» **EXERCISE DIRECTIONS**: Here you must reproduce each line of the data exactly.

[DATA TO PROCESS Boundary: Start]

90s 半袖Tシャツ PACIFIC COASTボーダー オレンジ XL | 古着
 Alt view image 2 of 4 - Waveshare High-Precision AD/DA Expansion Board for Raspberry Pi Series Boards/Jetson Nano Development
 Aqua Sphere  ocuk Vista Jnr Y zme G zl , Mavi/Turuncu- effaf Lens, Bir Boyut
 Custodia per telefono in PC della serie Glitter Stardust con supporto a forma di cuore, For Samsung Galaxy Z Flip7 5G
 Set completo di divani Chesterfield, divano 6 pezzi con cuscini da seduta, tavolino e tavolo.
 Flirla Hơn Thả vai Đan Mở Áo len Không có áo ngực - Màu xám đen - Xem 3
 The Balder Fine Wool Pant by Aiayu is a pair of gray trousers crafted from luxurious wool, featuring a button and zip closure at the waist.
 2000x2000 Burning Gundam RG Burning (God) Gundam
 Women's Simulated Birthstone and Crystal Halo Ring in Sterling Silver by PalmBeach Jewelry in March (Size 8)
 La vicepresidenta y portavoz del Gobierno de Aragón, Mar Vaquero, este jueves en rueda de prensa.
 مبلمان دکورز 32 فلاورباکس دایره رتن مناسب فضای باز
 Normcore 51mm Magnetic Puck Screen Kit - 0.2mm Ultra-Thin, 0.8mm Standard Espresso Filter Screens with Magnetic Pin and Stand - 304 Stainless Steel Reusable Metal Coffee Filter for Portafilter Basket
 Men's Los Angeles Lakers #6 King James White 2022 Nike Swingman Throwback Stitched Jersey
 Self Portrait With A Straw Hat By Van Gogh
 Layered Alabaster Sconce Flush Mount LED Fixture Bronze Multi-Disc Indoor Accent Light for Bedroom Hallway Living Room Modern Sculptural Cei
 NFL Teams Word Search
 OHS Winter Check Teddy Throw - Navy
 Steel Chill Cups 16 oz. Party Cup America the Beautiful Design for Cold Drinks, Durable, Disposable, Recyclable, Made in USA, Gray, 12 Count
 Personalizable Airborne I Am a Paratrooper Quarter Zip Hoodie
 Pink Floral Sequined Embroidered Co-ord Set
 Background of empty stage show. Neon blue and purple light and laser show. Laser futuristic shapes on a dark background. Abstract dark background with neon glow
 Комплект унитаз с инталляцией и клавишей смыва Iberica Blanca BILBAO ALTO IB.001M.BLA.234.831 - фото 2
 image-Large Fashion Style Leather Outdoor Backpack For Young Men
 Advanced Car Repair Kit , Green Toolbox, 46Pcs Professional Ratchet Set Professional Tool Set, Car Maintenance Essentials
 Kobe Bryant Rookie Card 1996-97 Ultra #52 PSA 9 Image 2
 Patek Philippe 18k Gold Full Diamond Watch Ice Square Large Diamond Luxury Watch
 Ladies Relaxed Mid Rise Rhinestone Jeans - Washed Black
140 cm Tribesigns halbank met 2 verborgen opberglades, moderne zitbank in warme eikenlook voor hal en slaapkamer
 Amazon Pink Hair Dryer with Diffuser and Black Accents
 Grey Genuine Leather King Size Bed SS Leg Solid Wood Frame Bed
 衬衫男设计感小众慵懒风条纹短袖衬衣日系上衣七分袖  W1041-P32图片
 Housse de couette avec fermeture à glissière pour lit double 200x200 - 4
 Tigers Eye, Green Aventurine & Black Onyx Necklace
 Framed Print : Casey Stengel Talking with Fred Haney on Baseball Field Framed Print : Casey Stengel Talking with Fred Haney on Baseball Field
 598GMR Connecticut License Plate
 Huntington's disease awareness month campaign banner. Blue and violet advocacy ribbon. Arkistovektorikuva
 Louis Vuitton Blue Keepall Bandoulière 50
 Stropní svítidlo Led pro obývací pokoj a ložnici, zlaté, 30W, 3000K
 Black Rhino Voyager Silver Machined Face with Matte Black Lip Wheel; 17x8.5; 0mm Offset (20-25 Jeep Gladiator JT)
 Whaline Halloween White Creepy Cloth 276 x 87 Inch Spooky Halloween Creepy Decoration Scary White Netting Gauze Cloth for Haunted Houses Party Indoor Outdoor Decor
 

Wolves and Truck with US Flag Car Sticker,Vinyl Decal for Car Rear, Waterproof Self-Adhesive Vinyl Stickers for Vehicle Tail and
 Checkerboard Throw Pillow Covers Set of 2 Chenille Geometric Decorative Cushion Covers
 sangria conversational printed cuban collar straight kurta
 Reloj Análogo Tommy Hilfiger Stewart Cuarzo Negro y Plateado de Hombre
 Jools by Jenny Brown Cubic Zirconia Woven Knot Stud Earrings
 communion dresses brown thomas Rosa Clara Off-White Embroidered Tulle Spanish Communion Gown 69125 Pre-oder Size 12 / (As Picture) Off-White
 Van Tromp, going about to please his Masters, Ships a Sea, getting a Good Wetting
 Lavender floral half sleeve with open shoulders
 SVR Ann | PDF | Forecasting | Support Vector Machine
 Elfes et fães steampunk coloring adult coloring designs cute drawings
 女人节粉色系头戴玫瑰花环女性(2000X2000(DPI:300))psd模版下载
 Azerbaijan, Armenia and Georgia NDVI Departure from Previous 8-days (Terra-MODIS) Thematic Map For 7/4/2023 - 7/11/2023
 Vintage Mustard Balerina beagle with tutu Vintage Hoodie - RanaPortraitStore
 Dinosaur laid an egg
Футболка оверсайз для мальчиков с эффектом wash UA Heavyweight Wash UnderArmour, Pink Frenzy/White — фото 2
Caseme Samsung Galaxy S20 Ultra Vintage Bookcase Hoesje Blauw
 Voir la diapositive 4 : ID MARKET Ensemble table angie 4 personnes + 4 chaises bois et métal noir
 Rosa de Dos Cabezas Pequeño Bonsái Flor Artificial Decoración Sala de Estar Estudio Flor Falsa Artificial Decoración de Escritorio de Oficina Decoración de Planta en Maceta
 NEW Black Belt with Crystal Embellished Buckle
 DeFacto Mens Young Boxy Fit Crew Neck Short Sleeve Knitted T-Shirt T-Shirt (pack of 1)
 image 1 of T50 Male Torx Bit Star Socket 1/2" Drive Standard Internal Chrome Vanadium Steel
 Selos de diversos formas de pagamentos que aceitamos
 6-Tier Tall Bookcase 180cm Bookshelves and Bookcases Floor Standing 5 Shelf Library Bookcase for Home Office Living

[DATA TO PROCESS Boundary: End]

» **RESPONSE AREA**:
90s 半袖Tシャツ PACIFIC COASTボーダー オレンジ XL | 古着
 Alt view image 2 of 4 - Waveshare High-Precision AD/DA Expansion Board for Raspberry Pi Series Boards/Jetson Nano Development
 Aqua Sphere  ocuk Vista Jnr Y zme G zl , Mavi/Turuncu- effaf Lens, Bir Boyut
 Custodia per telefono in PC della serie Glitter Stardust con supporto a forma di cuore, For Samsung Galaxy Z Flip7 5G
 Set completo di divani Chesterfield, divano 6 pezzi con cuscini da seduta, tavolino e tavolo.
 Flirla Hơn Thả vai Đan Mở Áo len Không có áo ngực - Màu xám đen - Xem 3
 The Balder Fine Wool Pant by Aiayu is a pair of gray trousers crafted from luxurious wool, featuring a button and zip closure at the waist.
 2000x2000 Burning Gundam RG Burning (God) Gundam
 Women's Simulated Birthstone and Crystal Halo Ring in Sterling Silver by PalmBeach Jewelry in March (Size 8)
 La vicepresidenta y portavoz del Gobierno de Aragón, Mar Vaquero, este jueves en rueda de prensa.
 مبلمان دکورز 32 فلاورباکس دایره رتن مناسب فضای باز
 Normcore 51mm Magnetic Puck Screen Kit - 0.2mm Ultra-Thin, 0.8mm Standard Espresso Filter Screens with Magnetic Pin and Stand - 304 Stainless Steel Reusable Metal Coffee Filter for Portafilter Basket
 Men's Los Angeles Lakers #6 King James White 2022 Nike Swingman Throwback Stitched Jersey
 Self Portrait With A Straw Hat By Van Gogh
 Layered Alabaster Sconce Flush Mount LED Fixture Bronze Multi-Disc Indoor Accent Light for Bedroom Hallway Living Room Modern Sculptural Cei
 NFL Teams Word Search
 OHS Winter Check Teddy Throw - Navy
 Steel Chill Cups 16 oz. Party Cup America the Beautiful Design for Cold Drinks, Durable, Disposable, Recyclable, Made in USA, Gray, 12 Count
 Personalizable Airborne I Am a Paratrooper Quarter Zip Hoodie
 Pink Floral Sequined Embroidered Co-ord Set
 Background of empty stage show. Neon blue and purple light and laser show. Laser futuristic shapes on a dark background. Abstract dark background with neon glow
 Комплект унитаз с инталляцией и клавишей смыва Iberica Blanca BILBAO ALTO IB.001M.BLA.234.831 - фото 2
 image-Large Fashion Style Leather Outdoor Backpack For Young Men
 Advanced Car Repair Kit , Green Toolbox, 46Pcs Professional Ratchet Set Professional Tool Set, Car Maintenance Essentials
 Kobe Bryant Rookie Card 1996-97 Ultra #52 PSA 9 Image 2
 Patek Philippe 18k Gold Full Diamond Watch Ice Square Large Diamond Luxury Watch
 Ladies Relaxed Mid Rise Rhinestone Jeans - Washed Black
140 cm Tribesigns halbank met 2 verborgen opberglades, moderne zitbank in warme eikenlook voor hal en slaapkamer
 Amazon Pink Hair Dryer with Diffuser and Black Accents
 Grey Genuine Leather King Size Bed SS Leg Solid Wood Frame Bed
 衬衫男设计感小众慵懒风条纹短袖衬衣日系上衣七分袖  W1041-P32图片
 Housse de couette avec fermeture à glissière pour lit double 200x200 - 4
 Tigers Eye, Green Aventurine & Black Onyx Necklace
 Framed Print : Casey Stengel Talking with Fred Haney on Baseball Field Framed Print : Casey Stengel Talking with Fred Haney on Baseball Field
 598GMR Connecticut License Plate
 Huntington's disease awareness month campaign banner. Blue and violet advocacy ribbon. Arkistovektorikuva
 Louis Vuitton Blue Keepall Bandoulière 50
 Stropní svítidlo Led pro obývací pokoj a ložnici, zlaté, 30W, 3000K
 Black Rhino Voyager Silver Machined Face with Matte Black Lip Wheel; 17x8.5; 0mm Offset (20-25 Jeep Gladiator JT)
 Whaline Halloween White Creepy Cloth 276 x 87 Inch Spooky Halloween Creepy Decoration Scary White Netting Gauze Cloth for Haunted Houses Party Indoor Outdoor Decor
 

Wolves and Truck with US Flag Car Sticker,Vinyl Decal for Car Rear, Waterproof Self-Adhesive Vinyl Stickers for Vehicle Tail and
 Checkerboard Throw Pillow Covers Set of 2 Chenille Geometric Decorative Cushion Covers
 sangria conversational printed cuban collar straight kurta
 Reloj Análogo Tommy Hilfiger Stewart Cuarzo Negro y Plateado de Hombre
 Jools by Jenny Brown Cubic Zirconia Woven Knot Stud Earrings
 communion dresses brown thomas Rosa Clara Off-White Embroidered Tulle Spanish Communion Gown 69125 Pre-oder Size 12 / (As Picture) Off-White
 Van Tromp, going about to please his Masters, Ships a Sea, getting a Good Wetting
 Lavender floral half sleeve with open shoulders
 SVR Ann | PDF | Forecasting | Support Vector Machine
 Elfes et fães steampunk coloring adult coloring designs cute drawings
 女人节粉色系头戴玫瑰花环女性(2000X2000(DPI:300))psd模版下载
 Azerbaijan, Armenia and Georgia NDVI Departure from Previous 8-days (Terra-MODIS) Thematic Map For 7/4/2023 - 7/11/2023
 Vintage Mustard Balerina beagle with tutu Vintage Hoodie - RanaPortraitStore
 Dinosaur laid an egg
Футболка оверсайз для мальчиков с эффектом wash UA Heavyweight Wash UnderArmour, Pink Frenzy/White — фото 2
Caseme Samsung Galaxy S20 Ultra Vintage Bookcase Hoesje Blauw
 Voir la diapositive 4 : ID MARKET Ensemble table angie 4 personnes + 4 chaises bois et métal noir
 Rosa de Dos Cabezas Pequeño Bonsái Flor Artificial Decoración Sala de Estar Estudio Flor Falsa Artificial Decoración de Escritorio de Oficina Decoración de Planta en Maceta
 NEW Black Belt with Crystal Embellished Buckle
 DeFacto Mens Young Boxy Fit Crew Neck Short Sleeve Knitted T-Shirt T-Shirt (pack of 1)
 image 1 of T50 Male Torx Bit Star Socket 1/2" Drive Standard Internal Chrome Vanadium Steel
 Selos de diversos formas de pagamentos que aceitamos
 6-Tier Tall Bookcase 180cm Bookshelves and Bookcases Floor Standing 5 Shelf Library Bookcase for Home Office Living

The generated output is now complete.